All of Rubi J. Hudson's Comments + Replies

I think, from an alignment perspective, having a human choose their action while being aware of the distribution over outcomes it induces is much safer than having it effectively chosen for them by their specification of a utility function. This is especially true because probability distributions are large objects. A human choosing between them isn't pushing in any particular direction that can make it likely to overlook negative outcomes, while choosing based on the utility function they specify leads to exactly that. This is all modulo ELK, of course.
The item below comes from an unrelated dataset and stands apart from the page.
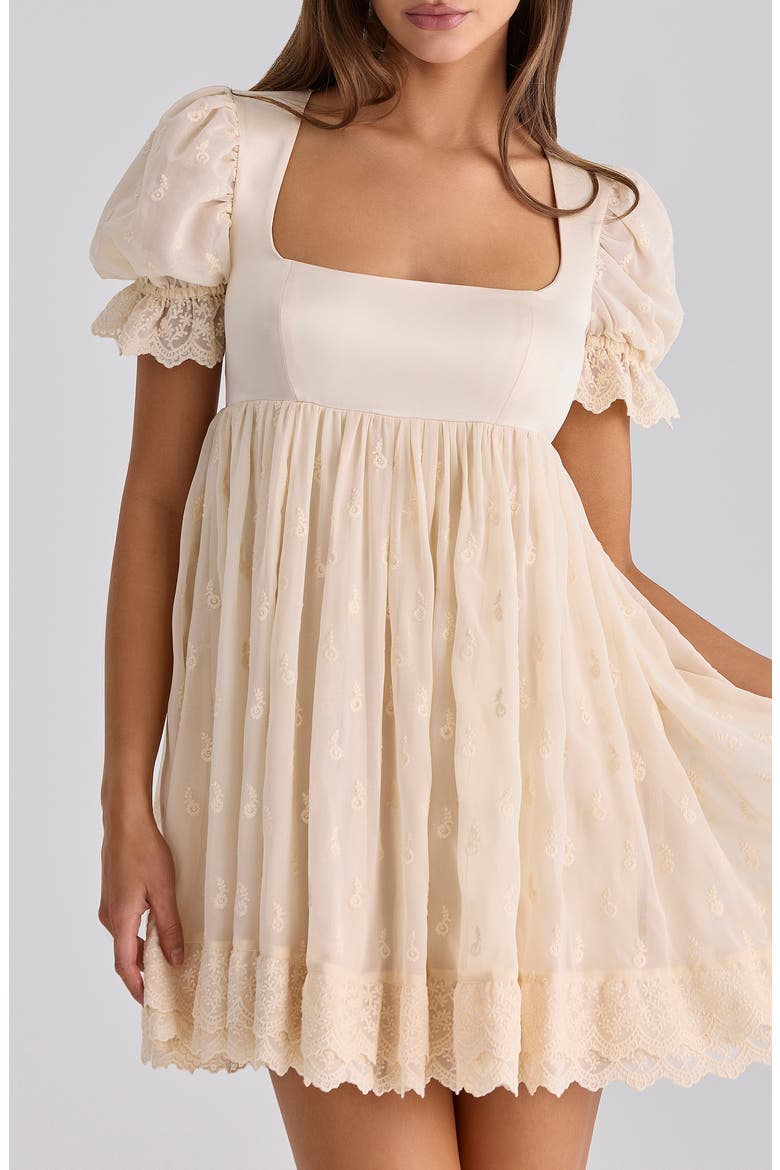 Bambi Broderie Anglaise Lace Regency Babydoll Minidress, Alternate, color, IVORY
I'm not sure I understand the variant you proposed. How is that different than the Othman and Sandholm MAX rule?

6Caspar Oesterheld3d
>I'm not sure I understand the variant you proposed. How is that different than the Othman and Sandholm MAX rule? Sorry if I was cryptic! Yes, it's basically the same as using the MAX decision rule and (importantly) a quasi-strictly proper scoring rule (in their terminology, which is basically the same up to notation as a strictly proper decision scoring rule in the terminology of the decision scoring rules paper). (We changed the terminology for our paper because "quasi-strictly proper scoring rule w.r.t. the max decision rule" is a mouthful. :-P) Does that help? >much safer than having it effectively chosen for them by their specification of a utility function So, as I tried to explain before, one convenient thing about using proper decision scoring rules is that you do not need to specify your utility function. You just need to give rewards ex post. So one advantage of using proper decision scoring rules is that you need less of your utility function not more! But on to the main point... >I think, from an alignment perspective, having a human choose their action while being aware of the distribution over outcomes it induces is much safer than having it effectively chosen for them by their specification of a utility function. This is especially true because probability distributions are large objects. A human choosing between them isn't pushing in any particular direction that can make it likely to overlook negative outcomes, while choosing based on the utility function they specify leads to exactly that. This is all modulo ELK, of course. Let's grant for now that from an alignment perspective the property you describe is desirable. My counterargument is that proper decision scoring rules (or the max decision rule with a scoring rule that is quasi-strictly proper w.r.t. the max scoring rule) and zero-sum conditional prediction both have this property. Therefore, having the property cannot yield an argument to favor one over the other. Maybe put differently:

Thanks for the comment. I agree that, ideally, we would find a way not to have two wholly separate models and instead somehow train a model against itself. I think a potential issue with your proposal is that small perturbations could have discontinuous effects, the anticipation of which distorts predictions. However, it would be interesting to think about further to see if there's some way to avoid that issue.

Thanks Caspar, your comments here and on earlier drafts are appreciated. We'll expand more on the positioning within the related literature as we develop this into a paper.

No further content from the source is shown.